Training job with image pull secret
You can use a private registry and set image pull secrets for training jobs(include tensorboard images). Assume the following images are in your private registry.
# pytorch
registry.cn-beijing.aliyuncs.com/ai-samples/pytorch-with-tensorboard-secret:1.5.1-cuda10.1-cudnn7-runtime
# tf
registry.cn-beijing.aliyuncs.com/ai-samples/tensorflow:1.5.0-devel-gpu
# mpi
registry.cn-beijing.aliyuncs.com/ai-samples/horovod:0.13.11-tf1.10.0-torch0.4.0-py3.5
# tensorboard (--tensorboard-image)
registry.cn-beijing.aliyuncs.com/ai-samples/tensorflow:1.12.0-devel
Create Image Pull Secrets
Create a Secret with kubectl, it's a imagePullSecrets in following case.

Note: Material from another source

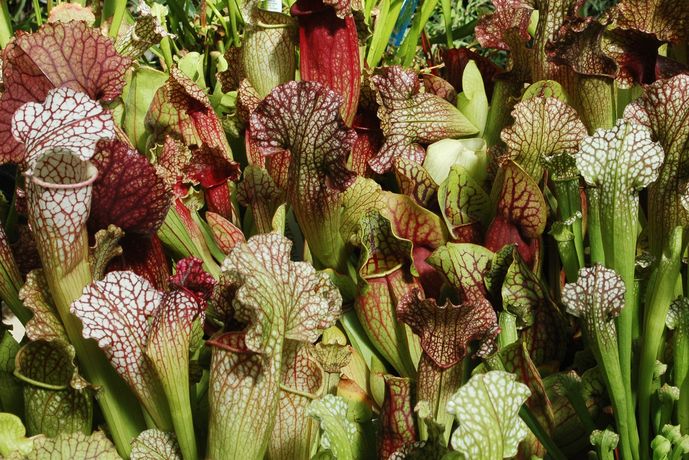<i>Sarracenia spp.</i>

$ kubectl create secret docker-registry <REG_SECRET> --docker-server=<REGISTRY> --docker-username=<USERNAME> --docker-password=<PASSWORD> --docker-email=<EMAIL>
Note
- REG_SECRET: is the name of the secret key, which can be defined by yourself.
- REGISTRY: is your private registry address.
- USERNAME: is username of your private registry.
- PASSWORD: is password of your private registry.
- EMAIL: is your email address, Optional.
For Example, use the following command to create a image pull secret:
$ kubectl create secret docker-registry \
lumo-secret \
--docker-server=registry.cn-huhehaote.aliyuncs.com \
--docker-username=******@test.aliyunid.com \
--docker-password=******
secret/lumo-secret created
You can check that the secret was created.
$ kubectl get secrets | grep lumo-secret
lumo-secret kubernetes.io/dockerconfigjson 1 52s
Submit a tfjob with imagePullSecrets
Submit the job by using --image-pull-secrets
to specify the imagePullSecrets.
1. Submit a tensorflow job, the following command is an example.
$ arena submit tf \
--name=tf-git-with-secret \
--working-dir=/root \
--gpus=1 \
--image=registry.cn-beijing.aliyuncs.com/ai-samples/tensorflow:1.5.0-devel-gpu \
--sync-mode=git \
--sync-source=https://code.aliyun.com/xiaozhou/tensorflow-sample-code.git \
--data=training-data:/mnist_data \
--tensorboard \
--tensorboard-image=registry.cn-beijing.aliyuncs.com/ai-samples/tensorflow:1.12.0-devel \
--logdir=/mnist_data/tf_data/logs \
--image-pull-secrets=lumo-secret \
"python code/tensorflow-sample-code/tfjob/docker/mnist/main.py --log_dir /mnist_data/tf_data/logs --data_dir /mnist_data/tf_data/"
Note
- If you have many
imagePullSecrets
to use, you can use--image-pull-secrets
multiple times, like:$ arena submit tf \ --name=tf-git-with-secret \ ... \ --image-pull-secrets=lumo-secret \ --image-pull-secrets=king-secret \ --image-pull-secrets=test-secret ...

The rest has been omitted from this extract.